The story of these fateful pogroms is chronicled in a new book, “In the Midst of Civilized Europe: The Pogroms of 1918-1921 and the Onset of the Holocaust,” by University of Michigan history and Judaic studies professor Jeffrey Veidlinger.
“I think right now they’re not very well-known at all, mostly because they’ve been so surpassed by the Holocaust,” Veidlinger told The Times of Israel in a phone interview. “In the interwar period, they were very well-known. In some ways, it seems like it was all anybody was writing about then.”
Rooted in a previous linguistic research project with elderly Yiddish-speaking Jews in Ukraine who told Veidlinger about surviving the pogroms, the book takes readers back to this disturbing moment in history during the Russian Civil War.
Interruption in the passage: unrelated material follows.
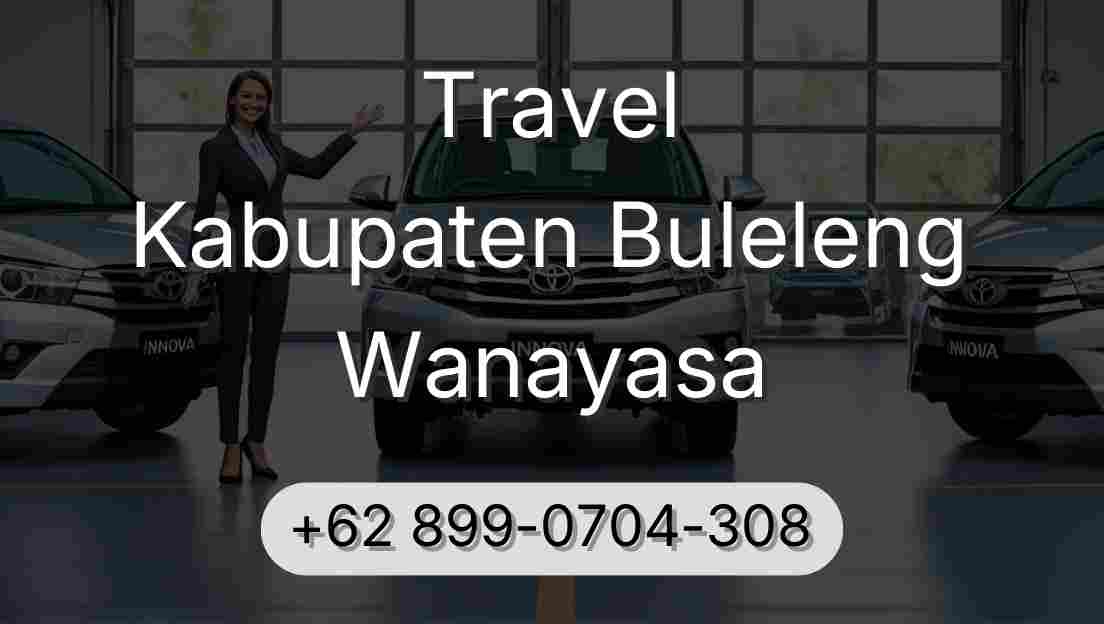 Travel Kabupaten Buleleng Wanayasa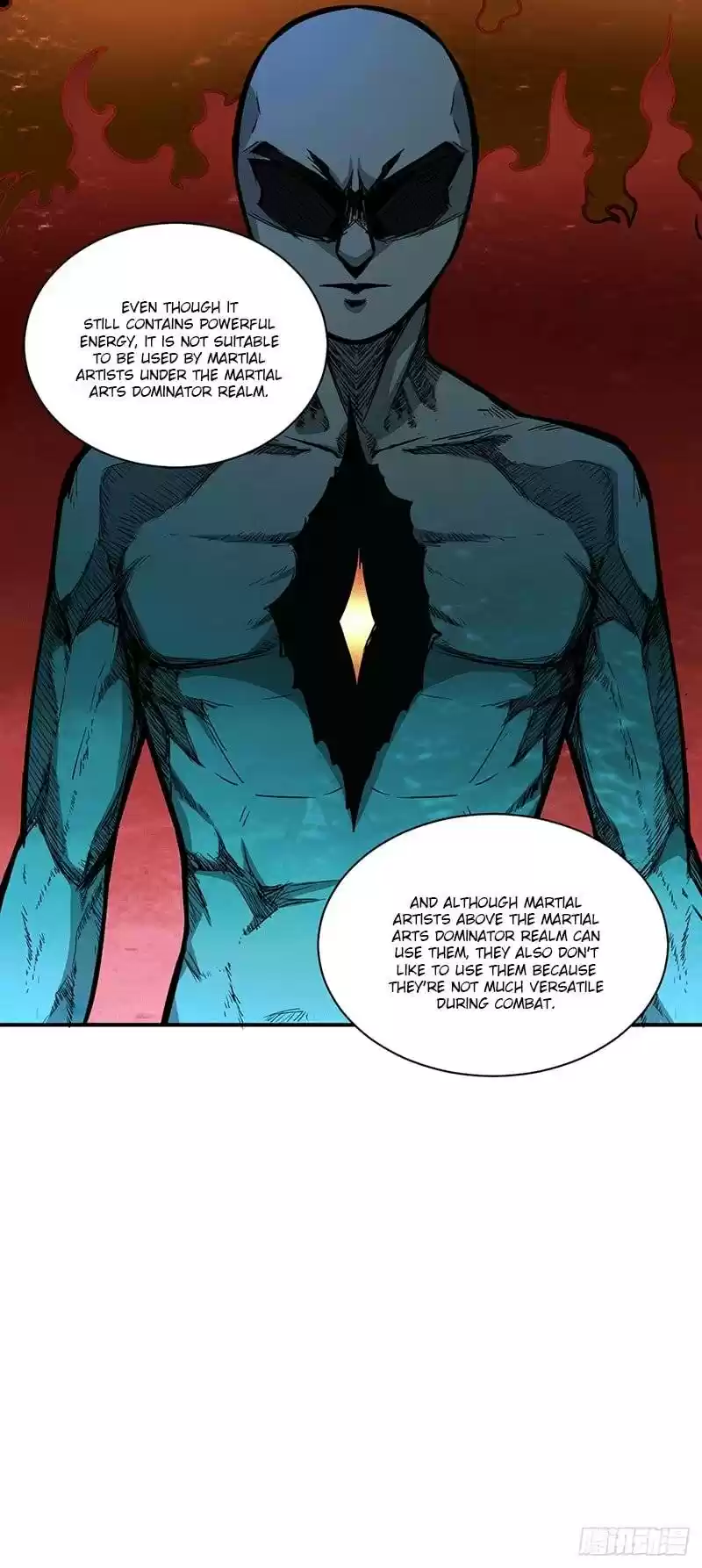 Martial Arts Reigns Chapter 247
“It’s terrifying and horrifying,” Veidlinger said. “It takes a toll on you to write [down] that testimony. I’m sure it takes a toll on the reader… It was difficult for me to hear, and probably difficult for them to tell.”
The title phrase comes from France’s fears for the future of European Jewry. The French poet and journalist noted that some of the pogroms occurred at the same time as the peace talks at Versailles tasked with ending World War I. One was perhaps the largest single mass murder of Jews in modern history up to that point — the pogrom of Proskuriv on February 14, 1919, with 911 listed deaths, which Veidlinger estimates is one-third of the actual total.
“I think it was almost genocidal,” Veidlinger said of the Proskuriv pogrom. “It shows how the violence escalated during the very short period of time between November 1918 to February 1919.”